Es heißt, er sei betrübt gewesen, dass es ihm nicht vergönnt gewesen sei, sein Leben für den Glauben zu lassen. 1737 wird er Studienpräfekt und Spiritual in Amberg. Der Lebensbericht hält fest: „Während er sich in Amberg aufhielt, brach in dem französischen Heere, das in der dortigen Gegend stand, die Pest aus und griff reißend um sich. Sofort erbat er sich die Erlaubnis, den Kranken zu Hülfe zu eilen; und da er fast der einzige war, welcher geläufig französisch sprach, lag die ganze Last auf ihm. Etwa 1500 Soldaten starben…. Zuletzt ergriff auch ihn die Krankheit. Schon hatte er die hl. Sterbesakramente empfangen und jubelte, sein Leben für seine Brüder hingeben zu können, … da genaß er vollständig und lebte noch manche Jahre“.

Er bleibt Studienpräfekt und Spiritual in Amberg bis 1745.

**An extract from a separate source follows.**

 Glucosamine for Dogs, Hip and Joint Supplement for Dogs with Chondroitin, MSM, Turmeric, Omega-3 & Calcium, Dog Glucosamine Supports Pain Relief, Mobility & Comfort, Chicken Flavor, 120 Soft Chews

Er wird dann Spiritual in Ingolstadt 1745 bis 1752,
kehrt 1752 nach Amberg zurück – weiß und will aber wohl, dass dies seine letzte Reise ist. Er stirbt am 14. Februar 1753 in Amberg.
Im Menologium heißt es: „56 Jahre hatte er im Orden verlebt, stets überaus streng gegen sich selbst, aber voll Liebe gegen andere…… Seinen Mitbrüdern galt er für ein Wunder von Tugend und Heiligkeit.


Siegfried Hofmann, der Rings Lebensgeschichte im Biographischen Lexikon der LMU nachzeichnet, betont, seine Bedeutung habe „nicht so sehr auf wissenschaftlichem Gebiet (gelegen), sondern in seinem überzeugten Handeln in den Nordischen Missionen“.
Das zeigt sich wohl auch daran, dass – für einen Professor und Lehrer in so vielen Stationen - völlig ungewöhnlich, nicht eine einzige Publikation von ihm verzeichnet ist.